The time for incremental change has passed, and the commission recommends a series of substantial, clear-eyed reforms that will ensure the viability of postal services for a long time to come. The recommendations are sensitive to the desire to preserve mail service to all addresses at affordable rates, and to the needs of postal employees in this shifting industry.
The USPS enjoys monopolies over both the delivery of letters and the use of the customer’s mailbox. Although “the Commission readily acknowledges that a monopoly is often an inherently inefficient device with a natural propensity for stagnation and mediocrity (p. 25),” it recommends that the Postal Service retain both of its monopolies, at least in the near-term. However, the commission suggests a mechanism for regular review of the monopolies as technology evolves.
The commission recommends that a new Postal Regulatory Board (PRB) be given authority to revisit the postal monopoly law “when the evidence shows that suppression of competition is not necessary to the protection of universal service without undue risk to the taxpayer (p. 65).” That crucial reform would allow the monopoly to be reviewed periodically and gradually contracted in measured steps as customers became confident that service would continue. Such a reform is important because it implicitly recognizes the growing body of scholarship, as well as the experience in other countries, suggesting that a legally enforced monopoly is not necessary to ensure universal delivery service.

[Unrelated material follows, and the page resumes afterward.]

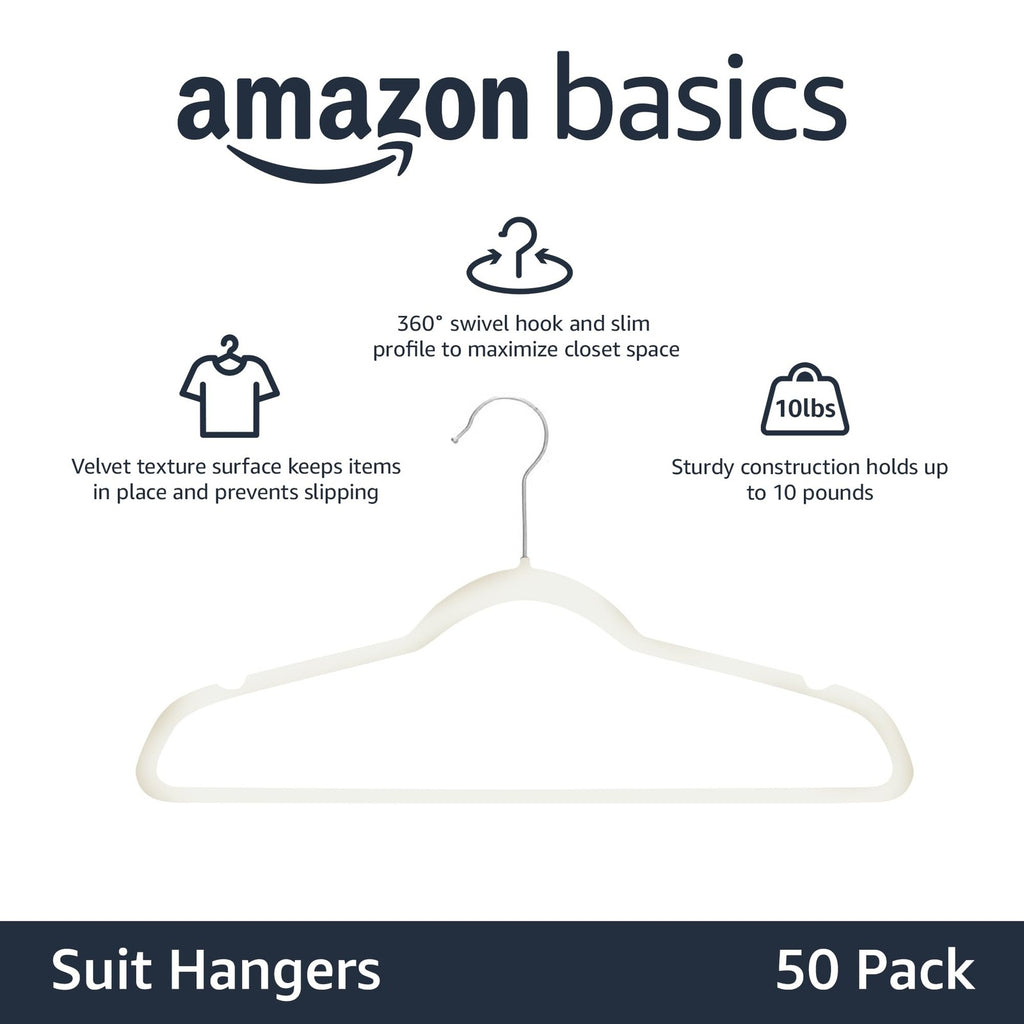 Slim Velvet Clothes Hangers, 50-Pack, Ivory/Silver, Non-Slip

The delivery monopoly in the United States is not now defined precisely, and the commission notes that existing arrangements, mainly via “suspensions” of the monopoly, give the Postal Service itself discretion over the scope of its own monopoly, thus allowing the monopolist to bind its own competitors, or not. Relying on an approach used in many other developed countries (including the EU), the commission recommends the U.S. delivery monopoly be clarified to cover (p. 23):
Any hard copy communication that is to be conveyed and delivered to a specific address in the United States indicated by the sender, provided its weight is less than 12 ounces and the delivery price is less than the basic stamp price times six.
Under that definition, competitors could deliver an item weighing less than twelve ounces provided that they charged at least six times the basic stamp price. The weight limit is about the same as that used in the European Union, but the price limit gives the Postal Service a larger monopoly scope than the EU. The recommendation would carve out a clearly defined zone of “reserved service” for the USPS and should be adopted as a matter of sound postal policy. It would also facilitate measured reduction of the monopoly (by reducing the multiple) over time.
The recommendation that the PRB review the monopoly would place decision-making power in the hands of impartial experts who work on postal issues continuously. Such administrative review of the monopoly’s scope should be inoffensive, since the Postal Service itself has adopted “administrative suspensions” of the monopoly, such as for “extremely urgent” matter.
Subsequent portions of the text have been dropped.